A Richmond native, Hardy applied to the SMCM Artist Resident Program with the intention of using her time away to focus on her art and produce more work. However, a wrench was thrown into her plan when Professor Johnson asked her to teach an introductory course on painting. After a 15 year hiatus from teaching, Hardy accepted the request and agreed to teach ART 206: Intro to Painting.
Hardy, who has been painting for 45 years, explained that she loves teaching painting and likes to think that “what [she does] affects [her students’] work.” Her course at SMCM has allowed her to return to the fundamentals of painting, as she has been working with mostly inexperienced painters. Hardy stated that teaching forces her to “articulate ideas in two-dimensional art in a way that reinforces her thinking,” which allows her to consider the basics of her techniques in her own work.
She remarked that starting without a foundation of painting can be difficult for students. “You’re looking at the whole world which is three-dimensional and you have to flatten it,” she explained. Hardy mentioned her process of reducing and simplifying what she wants her students to see when they look at an object in order to encourage them to make decisions with light. She starts small with one single object, and gradually adds more and has her students talk about space.
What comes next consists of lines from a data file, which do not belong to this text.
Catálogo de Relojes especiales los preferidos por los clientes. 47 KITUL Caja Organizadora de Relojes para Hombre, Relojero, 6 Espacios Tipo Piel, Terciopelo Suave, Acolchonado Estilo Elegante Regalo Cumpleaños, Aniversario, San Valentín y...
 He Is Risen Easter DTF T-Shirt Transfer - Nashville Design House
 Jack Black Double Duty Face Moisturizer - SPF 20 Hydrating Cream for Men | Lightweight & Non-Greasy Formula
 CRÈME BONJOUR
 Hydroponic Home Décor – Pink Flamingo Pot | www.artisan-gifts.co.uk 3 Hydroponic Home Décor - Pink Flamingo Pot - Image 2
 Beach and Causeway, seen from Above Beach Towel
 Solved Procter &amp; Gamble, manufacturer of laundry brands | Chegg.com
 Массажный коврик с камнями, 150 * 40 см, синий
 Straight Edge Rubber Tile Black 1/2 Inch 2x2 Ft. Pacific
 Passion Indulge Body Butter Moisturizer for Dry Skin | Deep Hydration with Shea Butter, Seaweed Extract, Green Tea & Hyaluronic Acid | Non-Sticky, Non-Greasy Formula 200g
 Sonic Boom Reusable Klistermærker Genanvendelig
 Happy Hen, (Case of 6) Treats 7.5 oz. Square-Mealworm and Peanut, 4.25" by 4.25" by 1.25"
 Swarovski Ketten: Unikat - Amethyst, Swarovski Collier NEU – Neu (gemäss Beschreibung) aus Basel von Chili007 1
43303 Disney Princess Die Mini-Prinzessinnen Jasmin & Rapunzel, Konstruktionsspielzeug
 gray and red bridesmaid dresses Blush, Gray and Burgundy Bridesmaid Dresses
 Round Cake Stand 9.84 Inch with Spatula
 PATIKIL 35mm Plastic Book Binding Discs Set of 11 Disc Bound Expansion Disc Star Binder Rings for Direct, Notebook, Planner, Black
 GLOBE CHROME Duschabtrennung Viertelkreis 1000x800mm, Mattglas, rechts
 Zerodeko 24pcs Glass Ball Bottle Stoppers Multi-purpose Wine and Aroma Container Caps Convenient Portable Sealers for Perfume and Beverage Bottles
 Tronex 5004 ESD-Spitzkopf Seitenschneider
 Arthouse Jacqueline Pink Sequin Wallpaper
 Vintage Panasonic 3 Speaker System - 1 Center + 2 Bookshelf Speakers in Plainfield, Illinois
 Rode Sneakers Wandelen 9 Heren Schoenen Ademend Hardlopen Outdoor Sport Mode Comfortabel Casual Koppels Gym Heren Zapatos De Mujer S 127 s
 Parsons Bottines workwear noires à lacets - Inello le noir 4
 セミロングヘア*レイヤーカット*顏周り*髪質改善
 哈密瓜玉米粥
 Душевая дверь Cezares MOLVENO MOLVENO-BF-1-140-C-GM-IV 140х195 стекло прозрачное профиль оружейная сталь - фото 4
One of her main focuses in her own works and in her teaching is the power of light and how it can impact one’s perception of the painting. “It all has to do with light,” Hardy asserted. She works with her students to train their eyes to see art in more complex and in-depth ways.
In her ART 206 class, Hardy began the painting process with her students by providing them with one color and asking them to create two different values of that color. Afterwards, she gradually increased the numbers of colors. This process, Hardy stated, was “exacting for students,” for she asked them to create the exact colors she assigned them in works of art. Throughout the course, the assignments have become more and more complex, with one of their more recent tasks being to paint themselves. Hardy has emphasized the importance of criticism in allowing one to better develop as an artist. “Everybody can learn and everybody can improve,” she mentioned. Aside from the ability to take criticism, she encourages students who are interested in art to spend a lot more time in museums to look at real work, allowing themselves to see actual works of art in person rather than looking at pictures on slides in the classroom. “If you’re going to be a painter,” she said, “you absolutely must be out looking at work.”
Hardy will finish out the semester with her ART 206 class and return back to her home in Richmond, VA where she will continue creating art.